The Travis Perkins Group’s transport operation involves big numbers – 3,000 commercial vehicles and 4,000 drivers travelling 130 million miles a year – and ensuring safety and efficiency is a priority.

The company has set the bar high by joining Transport for London’s Fleet Operator Recognition Scheme (FORS) and it recently received gold accreditation from the scheme.

Under FORS, a voluntary certification scheme which sets the standard for fleets operating in London, companies are audited annually to ensure best practice in vehicle safety and efficiency. It has a three-tiered membership structure encompassing bronze, silver and gold accreditation, and rewards high-quality operators committed to becoming safer, greener and more efficient.

"The Travis Perkins Group was the seventh organisation to join the FORS scheme as a founding member, and we really wanted to demonstrate to our customers that we have a safe, efficient operation with professional, engaged drivers. We’ve been progressively working towards gold standard over the years, so we’re thrilled to have reached it," said Graham Bellman, group director of fleet and transport.

Criteria for FORS gold accreditation includes ensuring that all drivers’ licences are verified with the DVLA and that all heavy goods vehicles working in major urban conurbations have close-proximity safety equipment installed to warn drivers of cyclists. Travis Perkins was the first builders merchant in the scheme to implement the technology across its London-based fleet.

For Travis Perkins these improvements are the result of consultation with vehicle drivers, who are regarded as the key to better safety standards.

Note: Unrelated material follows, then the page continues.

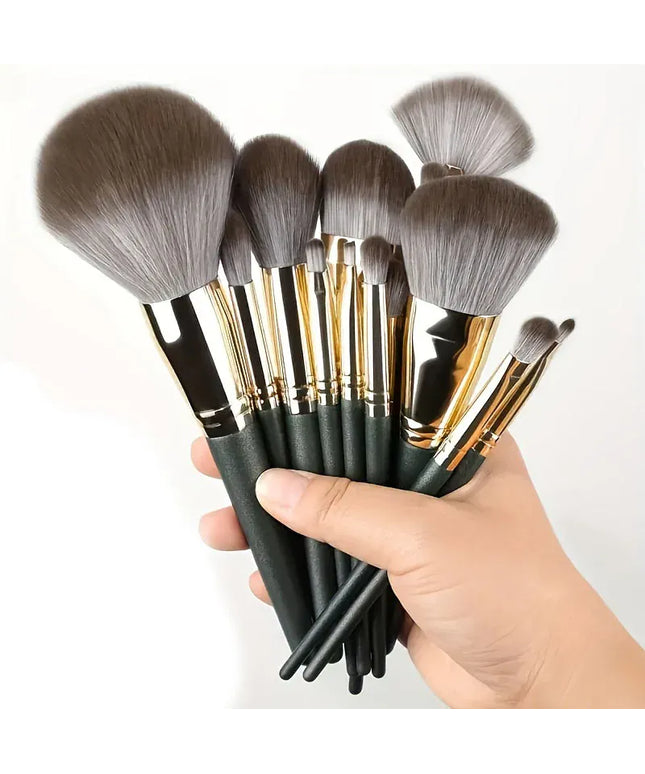 KissICON 14PC-Green KissIcon 14 Piece Makeup Brush Set - Soft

"Responsibility runs all the way through the supply chain as people work together to improve safety standards," said Robin Proctor, supply chain director. "Safety used to be a matter of people sitting behind desks creating rules about what drivers should and shouldn’t be doing, but that doesn’t work. The missing element was better engagement with the drivers themselves.

"For example, a driver in one of our timber centres came up with a solution that allowed workers to get a strap across the bed of a truck to secure the load without physically climbing onto the vehicle – something that has always been difficult due to the different configurations of timber. We’ve now patented this tool and are hoping to introduce it into the wider market. That’s the real power of engagement.

"Our success with FORS is really a culture issue: our key priority is ensuring that our deliveries are taking place safely for both our customers and colleagues, and to do this you have to have the right kind of culture in place so people are really engaged with the idea of operating safely. There’s a very strong correlation between people feeling valued in their job, in the knowledge that they’re being looked after by their management team, and how safely they operate in the real world."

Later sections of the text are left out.